Da pochi giorni è uscito il libro “La spiga e il fauno“, di Riccardo Pro, pubblicato dalla casa editrice romana Edizioni Progetto Cultura e recensito dalla nostra Maria Mazzocchia. Abbiamo deciso di intervistare l’autore, per parlare di alcuni particolari aspetti del libro e del suo approccio alla cultura.

Rompiamo il ghiaccio con la domanda più semplice: perché questo titolo?

Due elementi di valore simbolico a cui ogni persona che legga può dare il peso e il senso che percepirà.
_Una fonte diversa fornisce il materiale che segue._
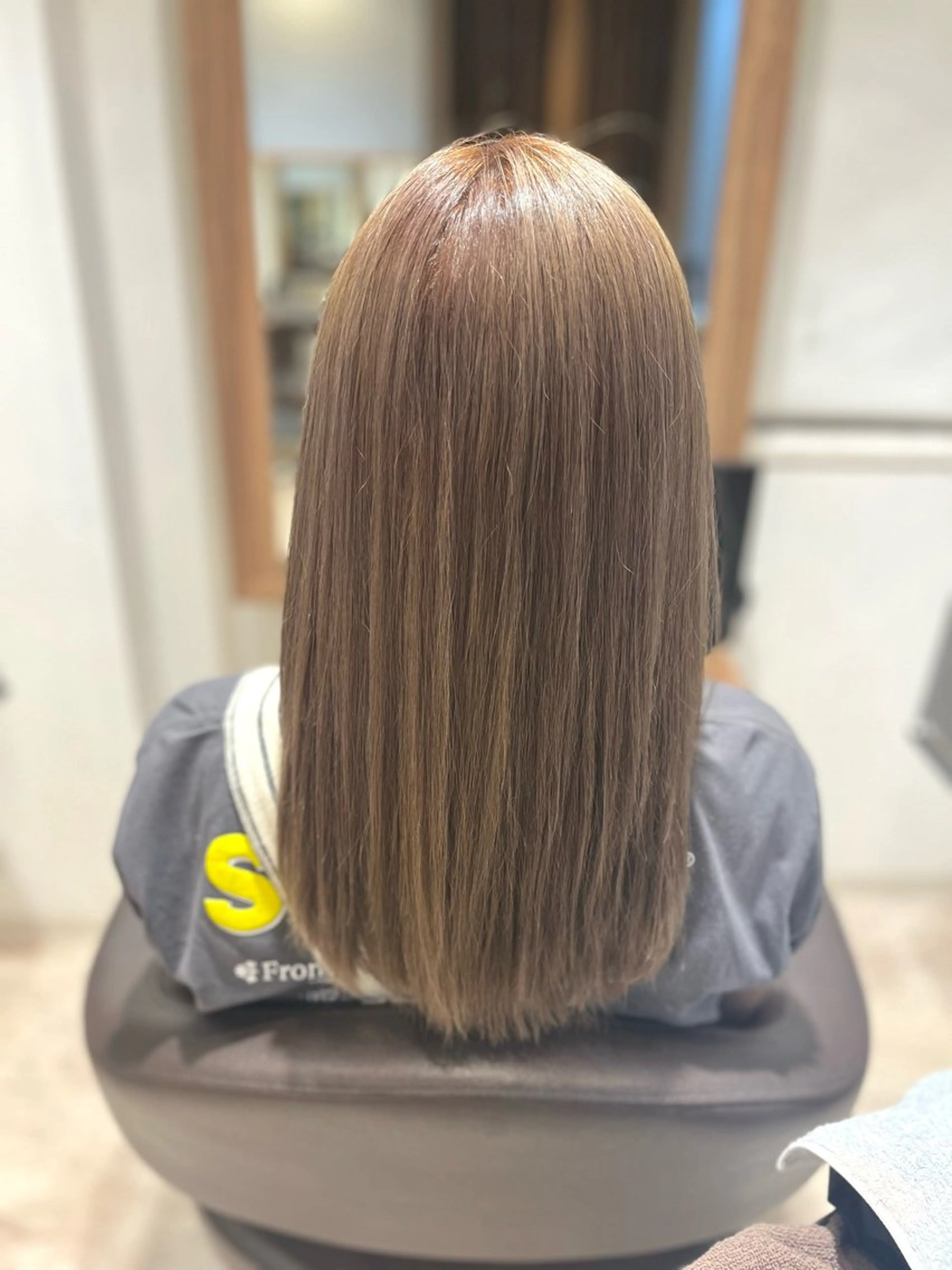 ミディアム カラー ベージュカラー ミルクティーベージュ 尾崎 百花のヘアスタイル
Rileggendo la bozza, li ho scelti perché individuavano bene i due terminali di attrazione della volontà umana, testimoniata dai personaggi. La spiga contiene la vita, il chicco di grano da cui si ottiene il pane che sfama e risolleva lo spirito. Il fauno, più nella concezione cristiana che non in quella greca, è un aggressore, un profanatore della dignità e della purezza della vita.

La pietra di giada che uno dei personaggi, Christophe, porta al collo è a forma di spiga. E la giada, secondo la tradizione cinese, aiuta a mantenere integre anima e mente. Questa integrità è necessaria per rispettare la vita. Robespierre, e questa è storia, recava in mano una spiga di grano quando guidava il corteo di popolo che sfilava per Parigi, durante le celebrazioni dell’Ente Supremo. Disse che quello era stato il più bel giorno della sua vita. Nel romanzo, al contrario, l’immagine del fauno corre sul filo del metaforico, incarnando la totale rovina dell’anima e della mente.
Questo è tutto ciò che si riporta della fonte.